We awoke this morning to dozens of northern rough winged swallows feasting on insects over the cattails. Like many other birds, they form groups after the breeding season and prior to departing on their fall migration to far away places, which for rough winged swallows means Mexico or Central America.
Seasonal migration is an awesome subject and is applicable to birds, insects, fish and mammals. It’s a behavior as old as life itself, and movements can vary from as little as a few hundred meters for the blue grouse to a mind boggling 44,000 zig zagging miles for the Arctic tern.
There are mysteries at work, and specialized adaptations for navigation are always being discovered. The magnetic poles play a prominent role, but exactly how they are processed in animals is still in question. Magnetism alone does not explain how an oriole flies thousands of miles before returning to our backyard to rest on a deck rail where nine months earlier was a jelly feeder. This level of accuracy indicates a detailed memory, or an extremely refined GPS system.
If we can be baffled and humbled by a tiny hummingbird making its way to Central America and back each year, wrapping our heads around butterflies and dragonflies that require multiple generations to complete their annual migratory trek is beyond comprehension. Indigenous peoples believed that medicine men were born with the memory of what their predecessors had learned. The concept must apply to migrating insects as well, some sort of message in their genetic code that details their migratory routes and destinations with impeccable accuracy.

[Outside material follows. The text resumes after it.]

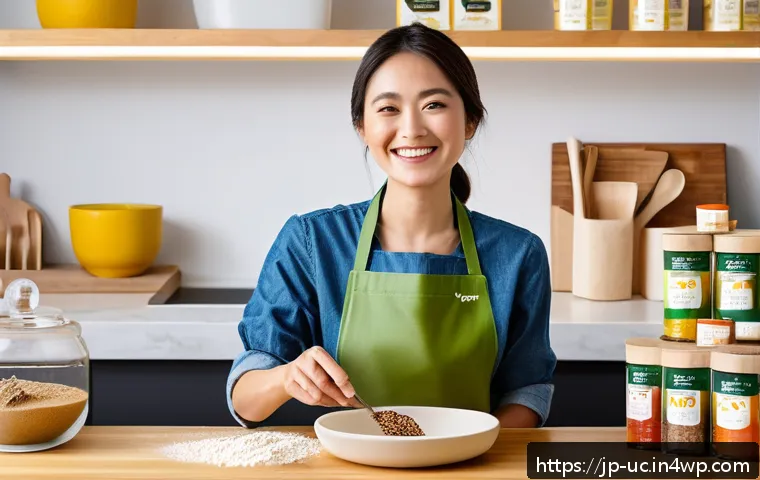 곤충단백질의 소비자 교육 전략 - A modern Japanese kitchen scene featuring a young adult woman preparing insect protein snacks. The k...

Lake Superior measures 160 miles north to south. Monarch butterflies migrating south from Canada manage to flutter nonstop across the open expanse. It's an impressive enough feat if the migrants set a straight line route, which they don't. Instead, at a certain location they make an abrupt eastward turn and stay that course to a prescribed point where they again turn south, adding unnecessary distance. The belief among scientists is that Superior once contained a mountain of ice, or some sort of obstruction of such height that the insects could not fly over but instead flew around, and the memory has not been lost to time.
Native Americans would often have seasonal migrations between summer and winter hunting grounds, and in the US today about a million people head to Florida to lay out the winter while others seek the dry mild air of the desert southwest. But migration applied to humans generally refers to movement in only one direction, a dispersal often spurred by force or desperation. Worldwide, a person is being unwillingly uprooted every two seconds.
Unless we are direct descendants of native peoples and have remained within our ancestral borders, we all have a migration or two in our histories. Over the decades a disproportionate number of us have migrated to coastlines or mountainous regions. We jockey for prime locations in beautiful natural settings such as lakeshores, then moan about aquatic weeds and mosquitoes, beavers that eat our yard trees and deer that eat our hostas. We build on the coasts then fear mudslides and earthquakes and hurricanes. We speckle homes in mountainous areas then expect fire suppression where uncontrolled wildfires had managed forest ecosystems for centuries. We move from cities and bring demand for Starbucks and fine restaurants and nightlife. Entrepreneurs respond, more folks move in, and soon congestion fills the quaint mountain or seaside town. In every migration there are hopes and heartaches, losses and gains, assurances and uncertainties, but with none comes an iron clad guarantee.
Think of the risks associated with seasonal migration, the extreme outputs of energy. A bird, having fought hard to establish and defend its nesting territory, abandons it, assuring a repeated effort the following season. If it's nest fails there might be a second attempt, with fledglings too weak to make the arduous cross country trip. What great advantage to sit tight, keep the home fires burning, and bring reproduction to strong completion.
Food is a driving motivation. There are no flowers in winter for nectar seeking hummingbirds, no plankton in cooling waters for feeding whales, no browse for elk in the high country. Yet some of the great blue herons in our region move south while others stay to endure the cold, banking on finding food not locked in ice. There are questions unanswered.
Climate change is affecting every life form. Plants are moving north, and along with them food sources for associated species. Everything alive is a candidate for redistribution, and the impact on human cultures, food supplies, and migration behaviors is phenomenal.
It’s August and the great seasonal spectacle has commenced. Weather radar picks up the activity at night, masses of birds streaming southward. Shorebirds, especially, are well underway. Most of the orioles have left the feeders, as have the grosbeaks. Their work here is done, and the shortening days have flipped an internal switch which cannot be ignored.
A mysterious and finely tuned seasonal mechanism for so many things wild, a hope-filled and sometimes final alternative for millions of people, migration lies intricately woven in the quest for survival.